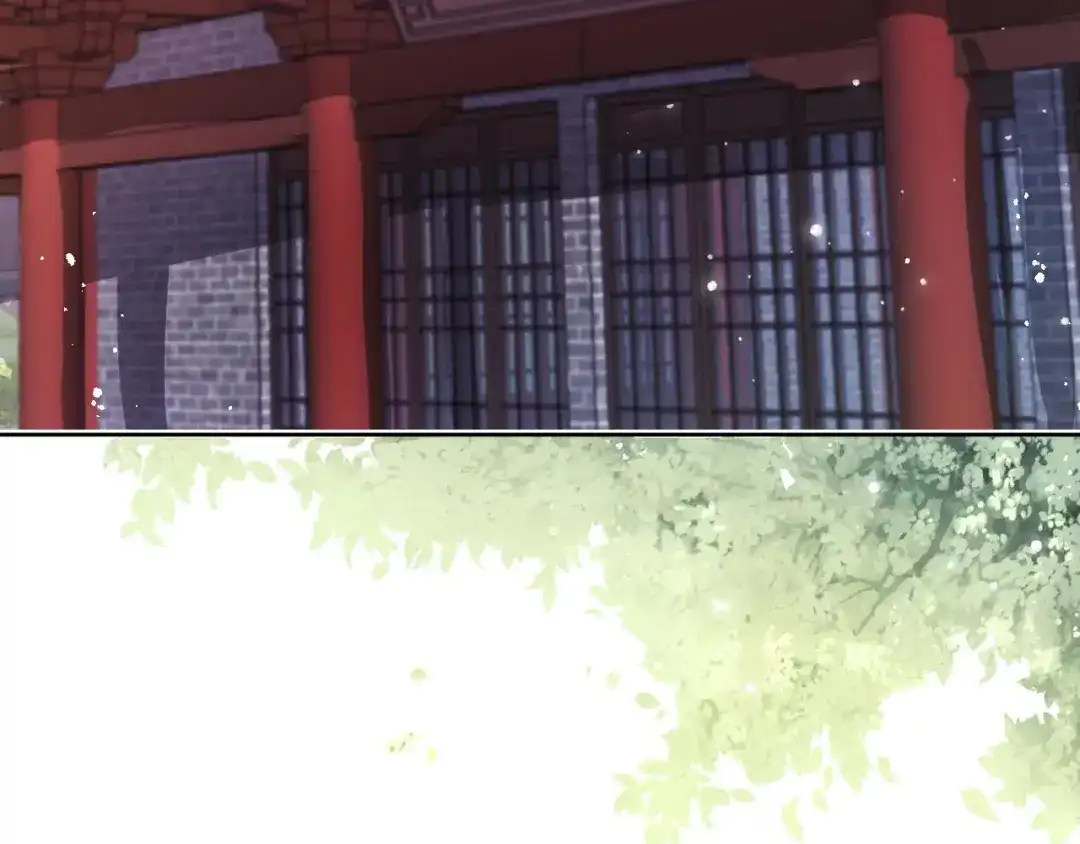 《掌上萌珠》第17话 都是爹爹不好 第15页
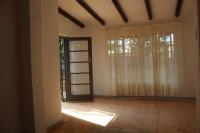  of property in Krugersdorp North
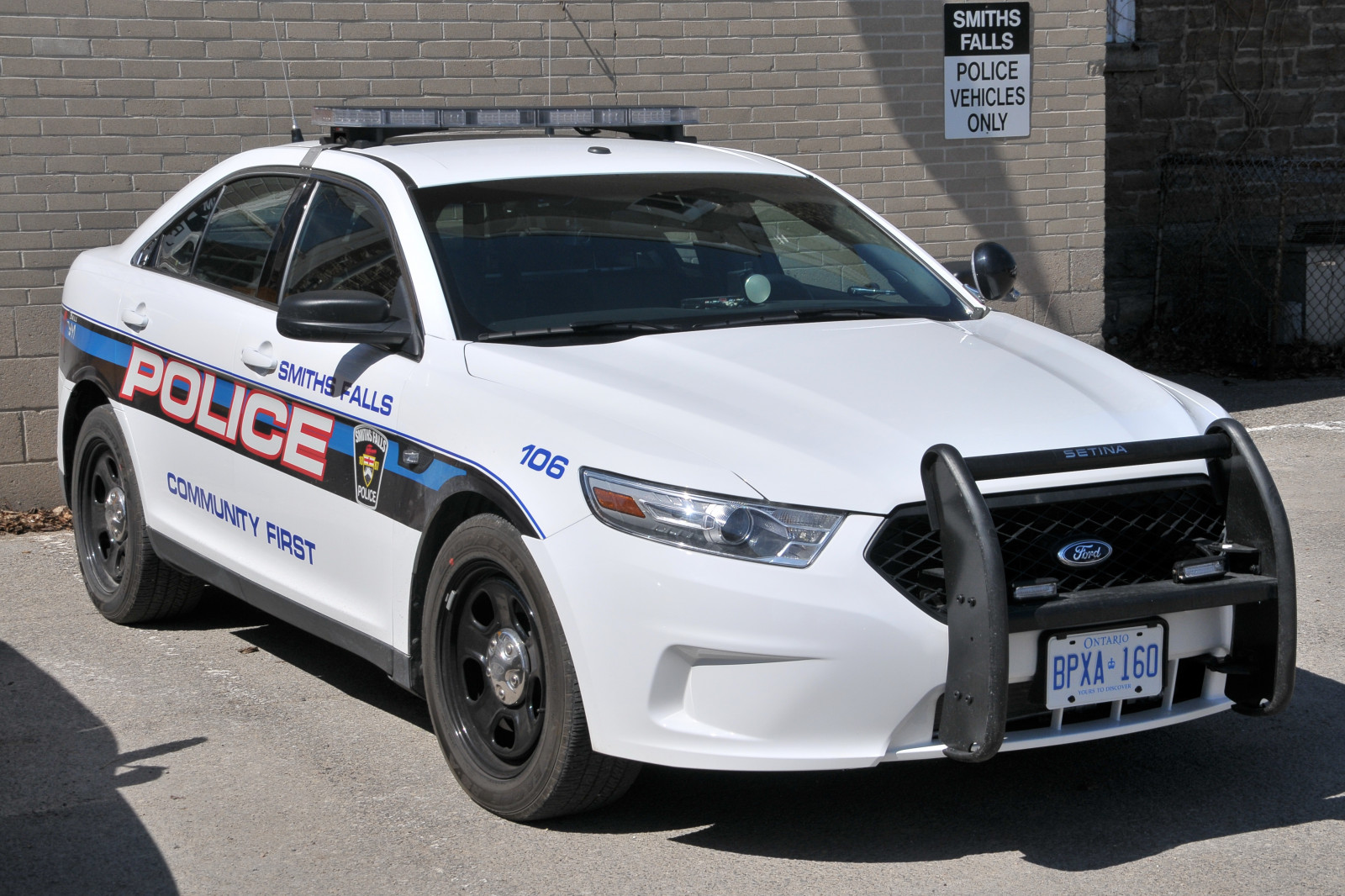 Wallpaper : Ontario, Canada, 911, vehicle, mccord, emergency ...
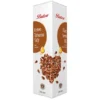 Balen Keten Tohumu Yağı 250 mL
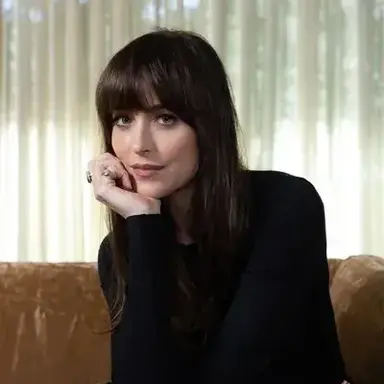 Profile image of Isabella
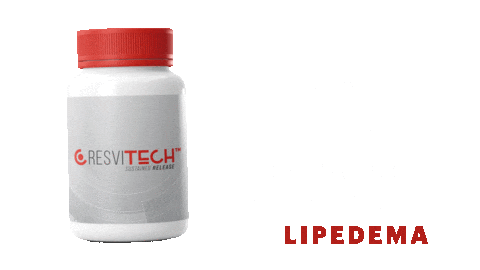FagronBrasil_ giphyupload fagron resvitechlipedema Sticker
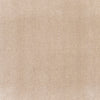 Jacaranda Mandalay Silk Ecru carpet texture and colour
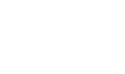 NEST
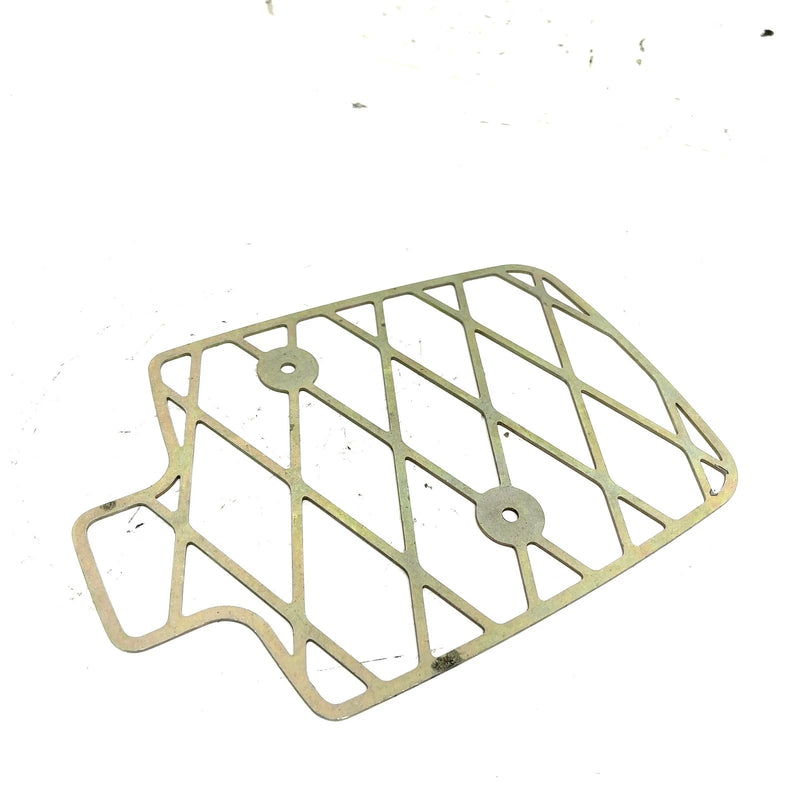14-15 Arctic Cat Prowler HDX 500 OEM Air Filter Screen 1470-030 XA2.2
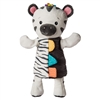 Mary Meyer Baby Einstein Zen Puppet Pal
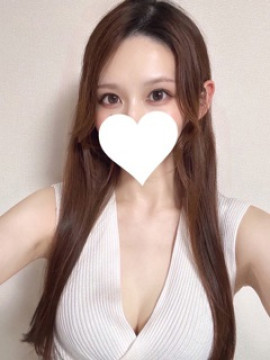 かなん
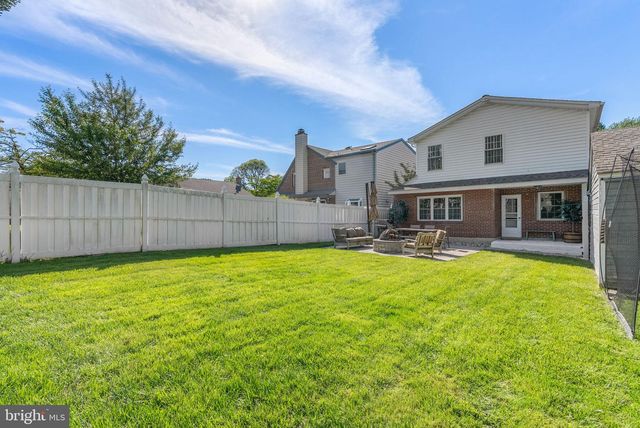 309 VALLEY VIEW RD, Media, PA 19063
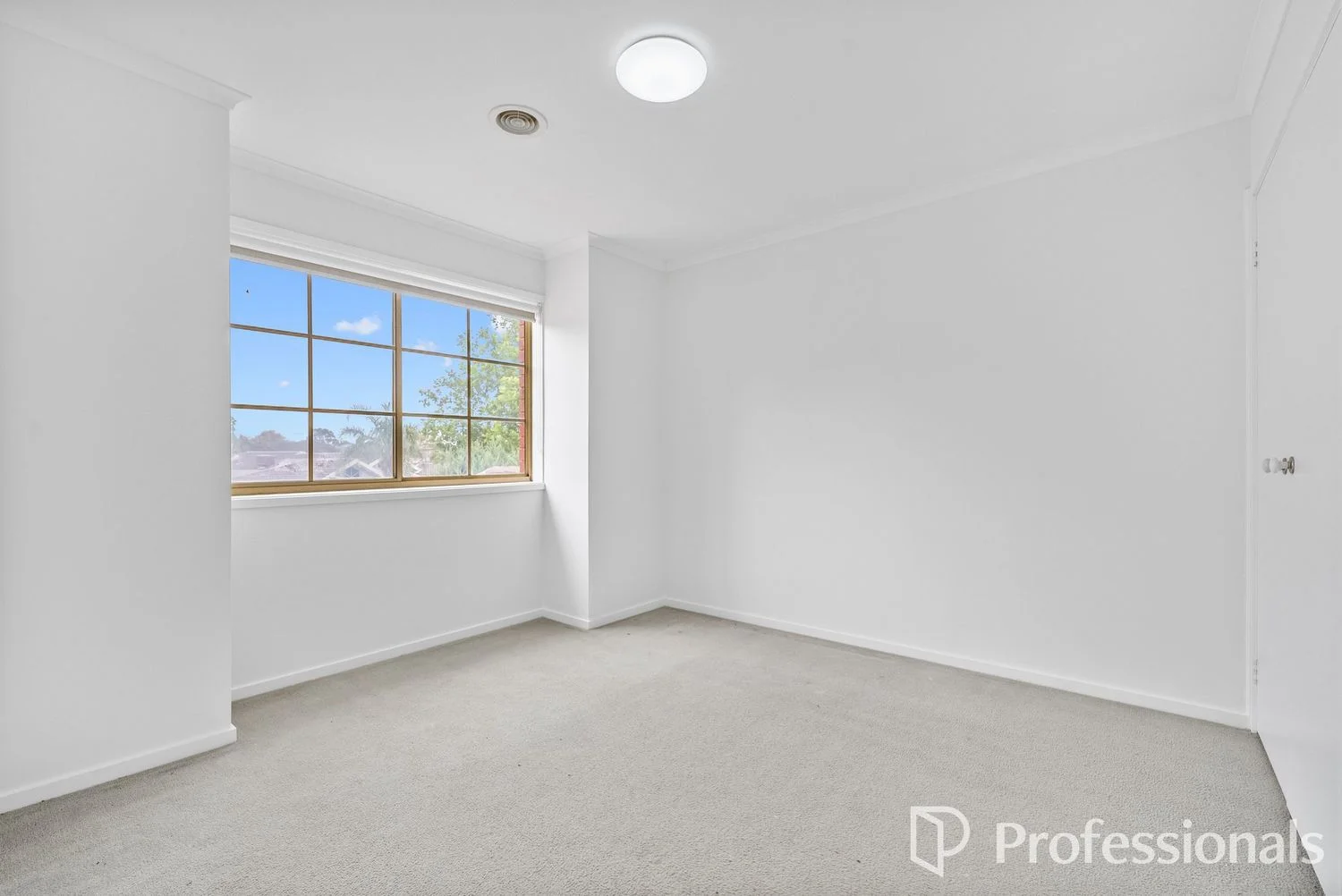 Additional image 9 of 33 Mccubbin Drive, Taylors Lakes VIC 3038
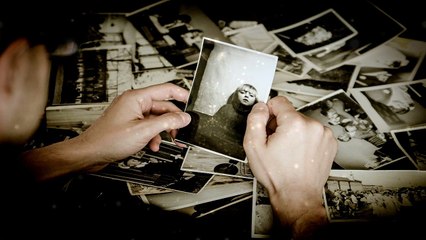 I Will Remember You - Te recordaré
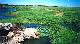 
 - Davidson's Arnhemland Safaris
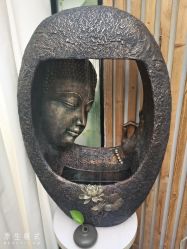 -玛尼瑜伽·普拉提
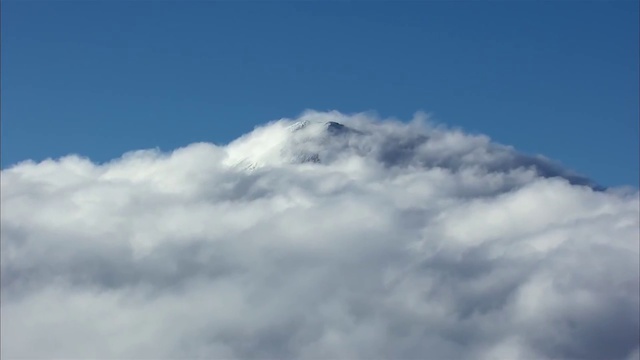 THE ART OF FLIGHT - PASSION смотреть онлайн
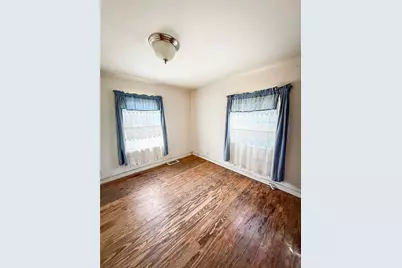 311 Wagner Ave, Butler, PA 16001 - Photo 19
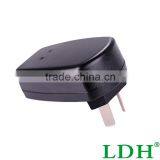 1pcs AU Type Plug Adapter Charger for Smart Phone Universal Travel Home Converter Adapter Charger for Tablet MP3 thumbnail-3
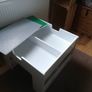 Lego Table with Storage Image 2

TASK TO CARRY OUT
Set down every entry above without alteration, but print no images.

COMPLETED TASK
 《掌上萌珠》第17话 都是爹爹不好 第15页
  of property in Krugersdorp North
 Wallpaper : Ontario, Canada, 911, vehicle, mccord, emergency ...
 Balen Keten Tohumu Yağı 250 mL
 Profile image of Isabella
FagronBrasil_ giphyupload fagron resvitechlipedema Sticker
 Jacaranda Mandalay Silk Ecru carpet texture and colour
 NEST
14-15 Arctic Cat Prowler HDX 500 OEM Air Filter Screen 1470-030 XA2.2
 Mary Meyer Baby Einstein Zen Puppet Pal
 かなん
 309 VALLEY VIEW RD, Media, PA 19063
 Additional image 9 of 33 Mccubbin Drive, Taylors Lakes VIC 3038
 I Will Remember You - Te recordaré
 - Davidson's Arnhemland Safaris
 -玛尼瑜伽·普拉提
 THE ART OF FLIGHT - PASSION смотреть онлайн
 311 Wagner Ave, Butler, PA 16001 - Photo 19
 1pcs AU Type Plug Adapter Charger for Smart Phone Universal Travel Home Converter Adapter Charger for Tablet MP3 thumbnail-3
 Lego Table with Storage Image 2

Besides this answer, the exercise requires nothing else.